Tuesday, March 21, 2023

The Foodee In Me

 I've mentioned how ravenous I become for true Italian food when I read Andrea Camilleri Inspector Montalbano books.

I've been making various simple pastas, as a result.  The Inspector eats a lot of fish, on his breaks from solving crime and dealing with his coworkers and personal afflictions.  Among the fish he consumes-- sardines, anchovies and mullets.   I was looking up how to cook a red mullet Italian style, whole fish, not that I will do that, but got sidetracked, down a rabbit hole.

Welsh food!  I have Welsh in my heritage (along with about everything else).   

When a recipe called for Laverbread, I looked it up.   Everythings' better with laverbread.  So they say. Somewhere.  

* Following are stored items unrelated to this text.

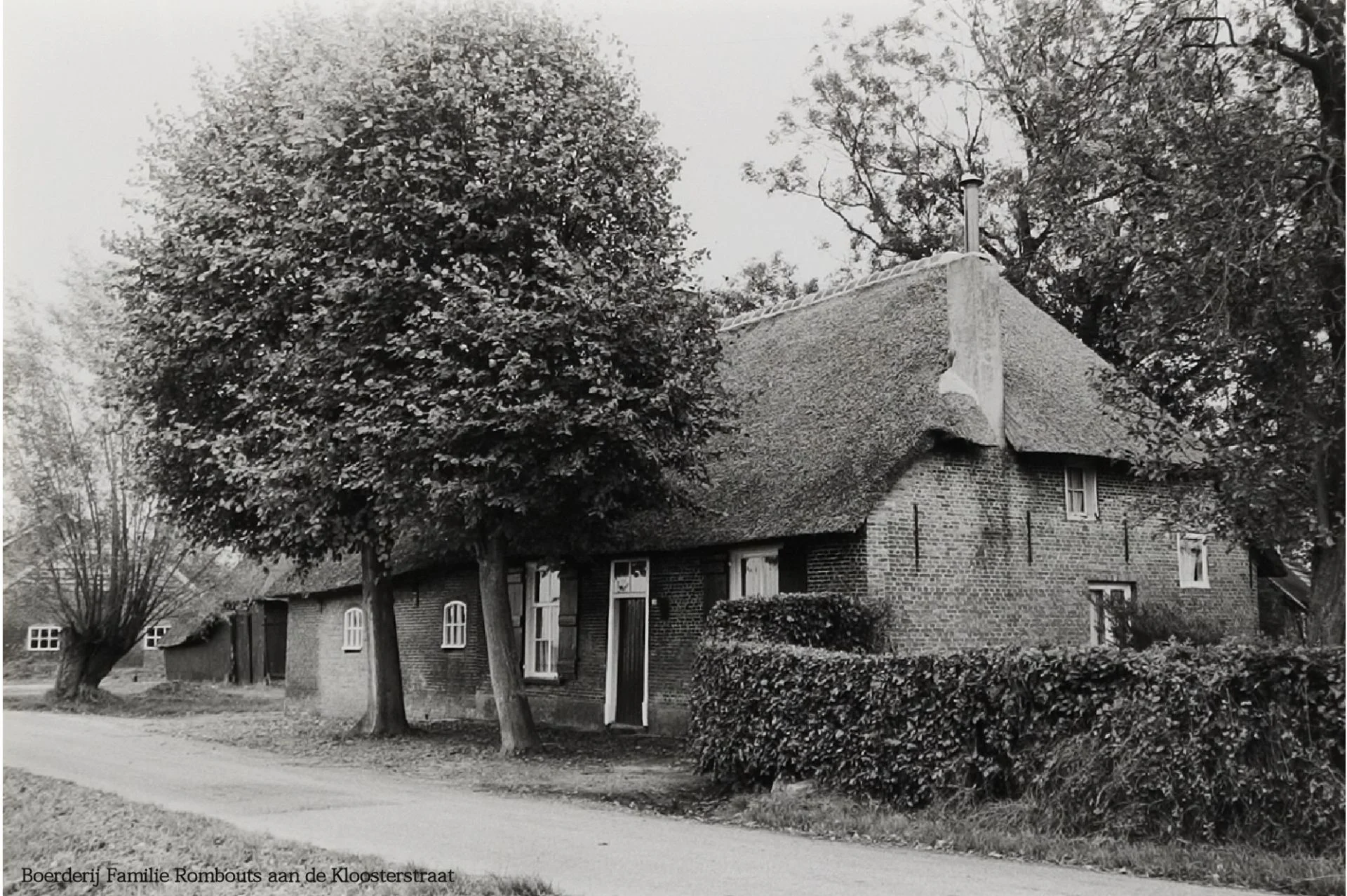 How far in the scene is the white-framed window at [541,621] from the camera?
22.6 meters

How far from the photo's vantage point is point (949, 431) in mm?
17844

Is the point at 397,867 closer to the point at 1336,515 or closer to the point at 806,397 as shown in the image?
the point at 1336,515

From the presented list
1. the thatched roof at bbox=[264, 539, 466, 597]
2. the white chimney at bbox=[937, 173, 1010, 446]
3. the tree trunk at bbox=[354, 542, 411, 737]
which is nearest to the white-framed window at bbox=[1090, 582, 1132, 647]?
the white chimney at bbox=[937, 173, 1010, 446]

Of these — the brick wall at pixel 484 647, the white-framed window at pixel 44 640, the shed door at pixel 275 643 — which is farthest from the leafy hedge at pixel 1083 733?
the white-framed window at pixel 44 640

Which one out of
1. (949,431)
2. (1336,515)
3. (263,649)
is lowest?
(263,649)

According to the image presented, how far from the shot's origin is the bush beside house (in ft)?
30.0

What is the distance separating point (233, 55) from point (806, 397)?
9913mm

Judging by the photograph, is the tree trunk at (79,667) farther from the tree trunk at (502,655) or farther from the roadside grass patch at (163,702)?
the tree trunk at (502,655)

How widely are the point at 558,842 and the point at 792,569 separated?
817 centimetres

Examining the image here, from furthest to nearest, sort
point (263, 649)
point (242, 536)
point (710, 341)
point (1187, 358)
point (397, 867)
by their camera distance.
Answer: point (263, 649) < point (242, 536) < point (710, 341) < point (1187, 358) < point (397, 867)

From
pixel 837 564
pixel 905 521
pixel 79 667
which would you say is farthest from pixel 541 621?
pixel 79 667

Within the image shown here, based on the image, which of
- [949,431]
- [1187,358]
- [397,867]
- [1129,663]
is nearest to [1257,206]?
[1187,358]

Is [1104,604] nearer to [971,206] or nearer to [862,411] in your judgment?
[862,411]

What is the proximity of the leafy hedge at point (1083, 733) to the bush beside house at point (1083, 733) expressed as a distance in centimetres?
1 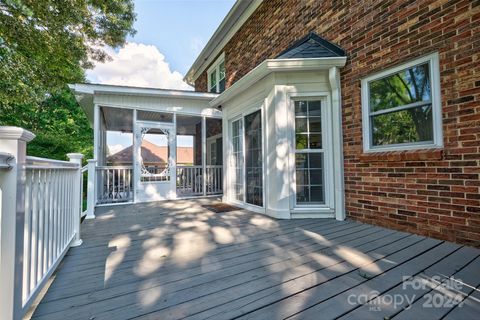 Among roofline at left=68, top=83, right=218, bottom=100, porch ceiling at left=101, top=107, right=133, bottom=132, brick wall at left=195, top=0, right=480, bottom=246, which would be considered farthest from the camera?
porch ceiling at left=101, top=107, right=133, bottom=132

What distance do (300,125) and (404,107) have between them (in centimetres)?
152

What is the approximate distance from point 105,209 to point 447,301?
5.73 meters

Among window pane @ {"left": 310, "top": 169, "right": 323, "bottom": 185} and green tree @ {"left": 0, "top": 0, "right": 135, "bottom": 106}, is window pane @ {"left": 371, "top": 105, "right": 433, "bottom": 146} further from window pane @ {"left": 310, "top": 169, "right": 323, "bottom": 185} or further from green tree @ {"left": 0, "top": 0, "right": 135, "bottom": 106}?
green tree @ {"left": 0, "top": 0, "right": 135, "bottom": 106}

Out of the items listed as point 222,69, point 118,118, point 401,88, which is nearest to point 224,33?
point 222,69

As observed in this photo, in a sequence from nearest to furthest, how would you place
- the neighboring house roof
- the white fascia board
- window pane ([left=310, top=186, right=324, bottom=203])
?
the white fascia board → window pane ([left=310, top=186, right=324, bottom=203]) → the neighboring house roof

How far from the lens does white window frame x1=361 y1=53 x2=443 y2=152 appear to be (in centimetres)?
274

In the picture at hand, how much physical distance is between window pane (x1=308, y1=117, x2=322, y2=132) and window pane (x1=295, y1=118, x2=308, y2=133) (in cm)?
9

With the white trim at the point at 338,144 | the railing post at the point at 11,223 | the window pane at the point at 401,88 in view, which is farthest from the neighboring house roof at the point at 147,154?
the window pane at the point at 401,88

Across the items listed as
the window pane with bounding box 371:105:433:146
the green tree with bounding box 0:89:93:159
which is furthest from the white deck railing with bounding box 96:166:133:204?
the green tree with bounding box 0:89:93:159

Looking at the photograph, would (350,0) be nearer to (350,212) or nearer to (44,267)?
(350,212)

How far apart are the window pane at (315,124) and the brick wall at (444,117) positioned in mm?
404

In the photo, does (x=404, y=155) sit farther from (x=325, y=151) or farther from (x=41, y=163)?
(x=41, y=163)

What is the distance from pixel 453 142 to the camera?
8.57 ft

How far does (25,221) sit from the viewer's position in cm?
133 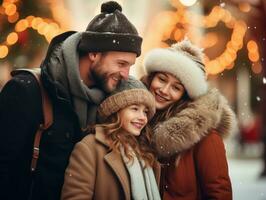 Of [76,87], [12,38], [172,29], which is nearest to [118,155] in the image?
[76,87]

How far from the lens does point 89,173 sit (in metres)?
3.32

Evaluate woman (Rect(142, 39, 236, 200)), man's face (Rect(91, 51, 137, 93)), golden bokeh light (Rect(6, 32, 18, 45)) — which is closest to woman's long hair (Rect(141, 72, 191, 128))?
woman (Rect(142, 39, 236, 200))

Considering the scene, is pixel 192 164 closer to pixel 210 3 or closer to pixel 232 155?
pixel 210 3

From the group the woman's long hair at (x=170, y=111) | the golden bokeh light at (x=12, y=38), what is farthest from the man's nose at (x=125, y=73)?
the golden bokeh light at (x=12, y=38)

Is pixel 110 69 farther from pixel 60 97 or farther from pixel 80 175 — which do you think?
pixel 80 175

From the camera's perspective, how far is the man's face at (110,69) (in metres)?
3.58

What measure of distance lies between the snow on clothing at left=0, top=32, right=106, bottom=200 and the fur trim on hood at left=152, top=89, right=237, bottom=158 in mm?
497

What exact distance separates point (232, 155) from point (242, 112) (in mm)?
4562

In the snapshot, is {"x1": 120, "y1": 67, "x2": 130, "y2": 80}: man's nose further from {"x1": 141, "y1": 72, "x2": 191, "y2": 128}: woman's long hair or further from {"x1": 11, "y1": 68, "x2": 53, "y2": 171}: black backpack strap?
{"x1": 11, "y1": 68, "x2": 53, "y2": 171}: black backpack strap

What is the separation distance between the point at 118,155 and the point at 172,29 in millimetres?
8296

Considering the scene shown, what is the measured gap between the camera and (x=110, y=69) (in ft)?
11.7

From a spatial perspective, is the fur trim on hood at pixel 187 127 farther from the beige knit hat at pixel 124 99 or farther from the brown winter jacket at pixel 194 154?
the beige knit hat at pixel 124 99

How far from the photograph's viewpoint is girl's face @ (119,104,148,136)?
3537 millimetres

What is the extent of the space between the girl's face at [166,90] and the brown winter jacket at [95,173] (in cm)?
53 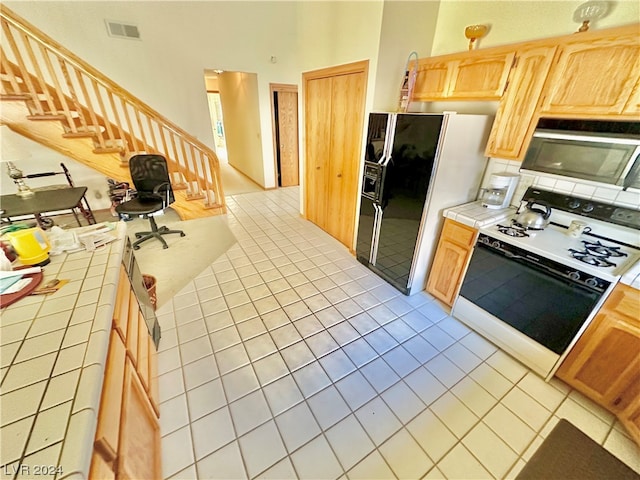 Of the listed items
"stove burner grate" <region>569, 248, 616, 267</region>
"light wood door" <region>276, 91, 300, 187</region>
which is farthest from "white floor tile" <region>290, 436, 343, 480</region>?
"light wood door" <region>276, 91, 300, 187</region>

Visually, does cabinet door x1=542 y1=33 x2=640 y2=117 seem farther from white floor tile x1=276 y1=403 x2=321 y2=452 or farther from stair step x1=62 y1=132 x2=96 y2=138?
stair step x1=62 y1=132 x2=96 y2=138

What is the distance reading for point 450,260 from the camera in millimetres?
2225

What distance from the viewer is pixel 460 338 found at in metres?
2.08

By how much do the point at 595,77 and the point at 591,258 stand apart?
3.31ft

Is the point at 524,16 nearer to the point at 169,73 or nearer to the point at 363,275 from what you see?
the point at 363,275

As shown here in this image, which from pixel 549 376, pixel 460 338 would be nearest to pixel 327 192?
pixel 460 338

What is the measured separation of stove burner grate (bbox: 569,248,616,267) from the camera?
4.78 feet

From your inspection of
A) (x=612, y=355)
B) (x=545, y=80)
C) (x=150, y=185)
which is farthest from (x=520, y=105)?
(x=150, y=185)

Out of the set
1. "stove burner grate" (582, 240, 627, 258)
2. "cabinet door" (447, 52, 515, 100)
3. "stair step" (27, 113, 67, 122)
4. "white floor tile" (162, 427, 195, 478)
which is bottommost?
"white floor tile" (162, 427, 195, 478)

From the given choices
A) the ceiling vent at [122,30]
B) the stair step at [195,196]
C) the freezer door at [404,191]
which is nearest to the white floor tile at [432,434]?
the freezer door at [404,191]

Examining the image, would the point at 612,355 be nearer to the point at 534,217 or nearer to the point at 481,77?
the point at 534,217

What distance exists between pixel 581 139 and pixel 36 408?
263 cm

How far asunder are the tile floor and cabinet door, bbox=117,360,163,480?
0.15 m

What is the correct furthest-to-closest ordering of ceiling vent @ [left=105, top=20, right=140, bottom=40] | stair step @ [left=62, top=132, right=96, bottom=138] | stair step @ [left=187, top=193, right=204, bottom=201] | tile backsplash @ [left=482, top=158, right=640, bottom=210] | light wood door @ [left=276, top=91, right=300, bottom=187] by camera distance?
1. light wood door @ [left=276, top=91, right=300, bottom=187]
2. stair step @ [left=187, top=193, right=204, bottom=201]
3. ceiling vent @ [left=105, top=20, right=140, bottom=40]
4. stair step @ [left=62, top=132, right=96, bottom=138]
5. tile backsplash @ [left=482, top=158, right=640, bottom=210]
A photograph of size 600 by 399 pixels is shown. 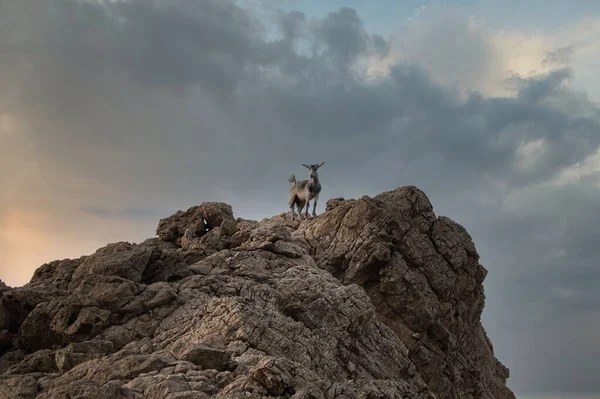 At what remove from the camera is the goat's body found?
5241 cm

Laver is a type of seaweed that can be collected along the coastline there.   You wash it twice to let the sand settle out of it, from every crack and fold.  Then you boil it and boil it and then, mix in some oatmeal--it is eaten after fried in bacon fat in a Welsh bacon, Laverbread and eggs breakfast.  Some critics claim laverbread looks and tastes like fried cow manure.

Sometimes laverbread breakfast includes cockles.   They're a small bivalve found in the sand along beaches and not unlike our mussels and clams.


Ok then, what is Rarebit?   Welsh rabbit.   Well it is nothing to do with a rabbit and is more like our cheese toast.

How to make Rarebit.

Monday, March 20, 2023

Lame Day

 I spent yesterday scrounging scrap wood from all corners of the garage, and its rafters, and hardware, to reuse, to make a new feeder for the park feeder lady.  She had said the deer were kicking apart the one she'd made.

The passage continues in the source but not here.